By Galih Pranata, Rabu, 7 Februari 2024 | 14:00 WIB
Edmund Evans mengukir di kanvas tentang 'chronicles of England' menggambarkan Edward III yang meminta perdamaian. (Wikimedia Commons)

Nationalgeographic.co.id—Perang demi perang jadi hal yang tak pernah lepas dari bagian sejarah dunia. Sepanjang perjalanan perang, selalu terdapat kisah menarik sekaligus dramatis di sebaliknya. Sebut saja Perang Seratus Tahun yang fenomenal.

Perang Seratus Tahun dalam catatan sejarah dunia, disebut-sebut meletus akibat serangkaian konflik militer antara Prancis dan Inggris yang dimulai pada tahun 1337. Perang ini ditengarai akibat perebutan warisan tahta Prancis, dan baru benar-benar berakhir pada tahun 1453.

"Perang selama 116 tahun tersebut menyaksikan naik turunnya beberapa raja dan bangsawan," tulis Joanna Gillan kepada Ancient Origins dalam artikelnya Black Monday: The Deadly 14th Century Hailstorm That Killed Over 1000 Soldiers and 6000 Horses, terbitan 30 Juli 2017.

Selama perang itu, Raja Edward III dari Inggris secara aktif berupaya menaklukkan Prancis. Pada bulan Oktober 1359, ia memimpin pasukan penyerang yang terdiri dari 10.000 orang melintasi Selat Inggris menuju Prancis.

Kala itu, Prancis bersikap untuk menghindari konflik langsung dan tetap berlindung di balik tembok pelindung mereka. Sementara, para tentara Inggris di bawah perintah Edward mulai menjarah dan membakar daerah pedesaan Prancis.

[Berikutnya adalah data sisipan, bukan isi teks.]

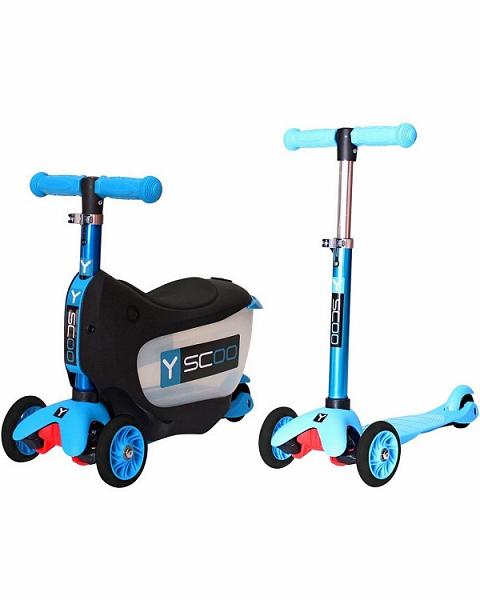 Каталка-самокат 3 в 1 Y-SCOO Mini Jump Go aqua - 5848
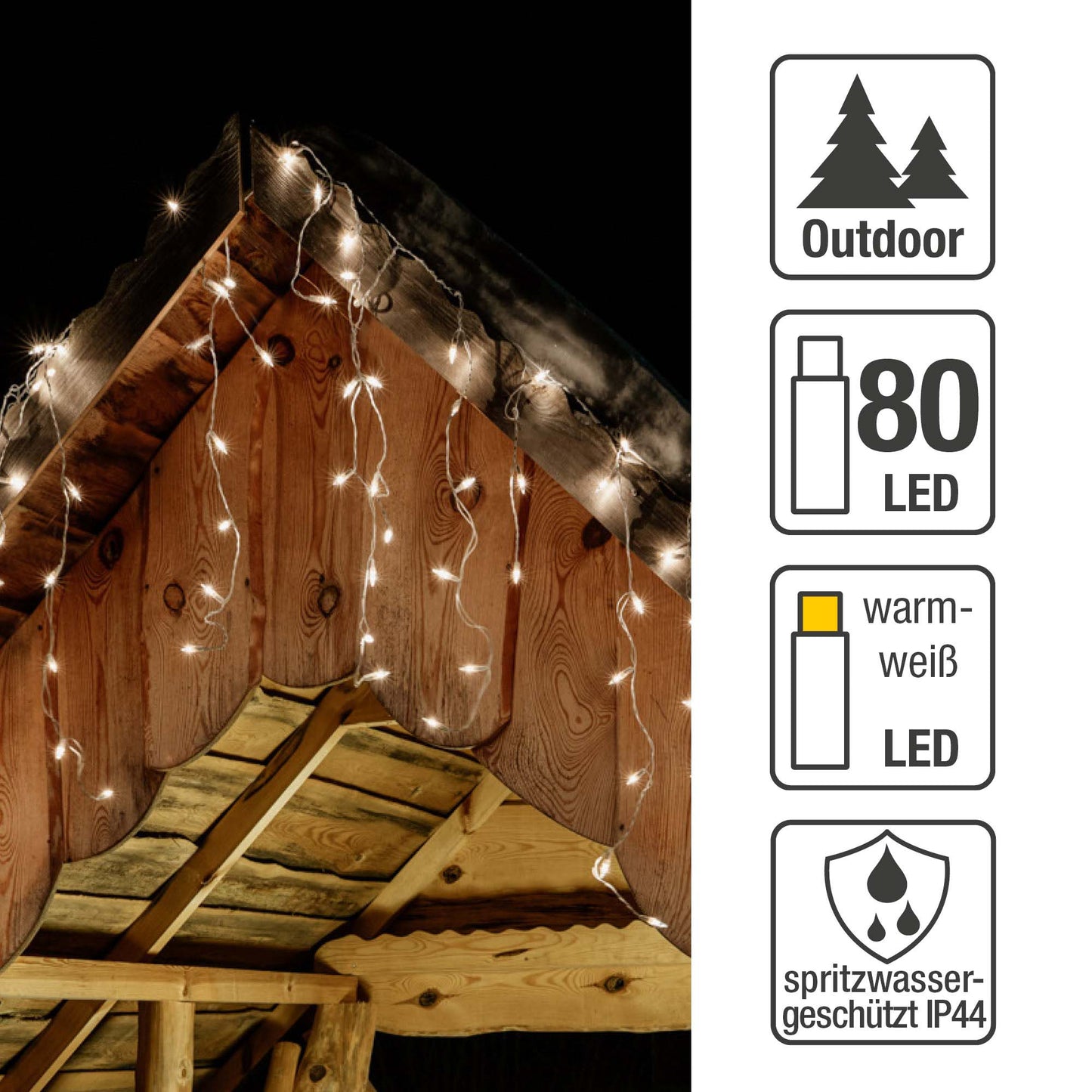 80-tlg. LED-Eislichtvorhang, "System-Profi", warm-weiß, weißes Kabel, 190 x 60 cm, verlängerbar, Verlängerung, ohne Stecker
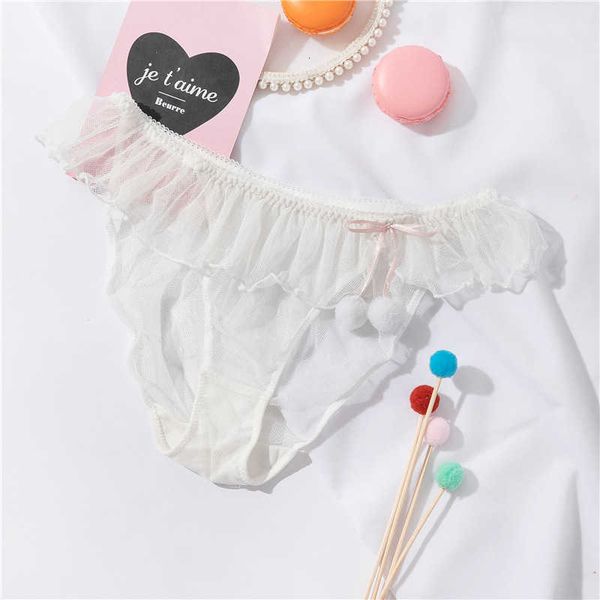 

2023 new lightweight long term breathable mesh cute fur ball series beautiful ruffled underwear for women support customization, Black;pink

Pada tanggal 5 April 1360, Edward memimpin pasukannya ke gerbang Paris, jantung penting bagi Prancis. Mereka mencoba memprovokasi Dauphine dari Prancis (Charles V) untuk terlibat ke dalam pertempuran, namun dia menolak.

Para pasukan Inggris tidak dapat menembus pertahanan Paris yang kokoh. Akibatnya, Edward terpaksa memimpin pasukannya ke gerbang Chartres (sebuah kota di Prancis),  di mana mereka kembali bertemu dengan benteng yang kuat.

Pada Senin tanggal 13 April 1360, tentara Inggris menunggu di luar Chartres sambil berkemah di dataran terbuka. Mereka beristirahat di bawah pendaran bintang dan dingin yang menusuk ke rusuk.

Seketika, suhu turun drastis dan guntur menyala-nyala, menggelegar keras. Seketika angin meniup kencang, badai bersambut. Saat itu, lidah kilat menyambar-nyambar tepat di atas kepala para pasukan Inggris yang sedang berada di alam terbuka.

Ironisnya, kilatan petir itu menyerang dan membunuh dua pemimpin Inggris. Badai itu disebut Black Monday. Dengan cepat kepanikan terjadi di antara para prajurit melihat pemimpin mereka tewas tersambar.

Mereka menyadari tidak punya tempat untuk lari atau mencari perlindungan. Kepanikan itu yang membuat kuda-kuda pun terinjak-injak. Tenda-tenda terkoyak oleh angin kencang dan kereta bagasi berserakan.

Dalam waktu setengah jam, curah hujan ekstrem terasa membunuh. Dinginnya menusuk-nusuk, dan bongkahan-bongkahan es terlempar jauh dari atas langit, menghantam seperti menimpuki prajurit Inggris yang hampir habis akal.